Missouri

Communications

In 1858, John Hockaday began weekly mail service by stagecoach between Independence and Salt Lake City, and John Butterfield, with a $600,000 annual appropriation from Congress, established semi-monthly mail transportation by coach and rail from St. Louis to San Francisco. On 3 April 1860, the Pony Express was launched, picking up mail arriving by train at St. Joseph and racing it westward on horseback; the system ceased in October 1861, when the Pacific Telegraph Co. began operations. The first experiment in airmail service took place at St. Louis in 1911; Charles Lindbergh was an airmail pilot on the St. Louis-Chicago route in 1926.

As of 2001, Missouri had approximately 96.6% of all state residences had telephone service.

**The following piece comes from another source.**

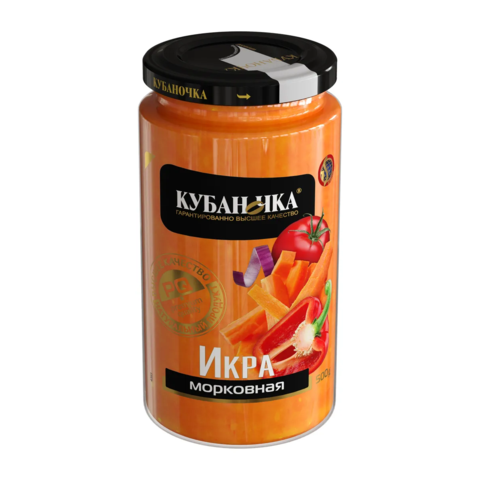 Икра КУБАНОЧКА Морковная  500г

Radio broadcasting in Missouri dates from 1921, when a station at St. Louis University began experimental programming. On Christmas Eve 1922, the first midnight Mass ever to be put on the air was broadcast from the Old Cathedral in St. Louis. The voice of a US president was heard over the air for the first time on 21 June 1923, when Warren G. Harding gave a speech in St. Louis. FM broadcasting began in Missouri during 1948. As of 2003 there were 36 major commercial AM stations and 96 major FM stations in service. Missouri's first television station, KSD-TV in St. Louis, began in 1947, with WDAF-TV in Kansas City following in 1949. As of 2003, Missouri had 25 major television stations. The St. Louis area had 1,114,370 television households, and only 56% of those received cable (one of the lowest penetration rates of all cities). Kansas City had a 65% penetration rate in 802,580 television households.

A total of 84,512 Internet domain names had been registered in Missouri by the year 2000.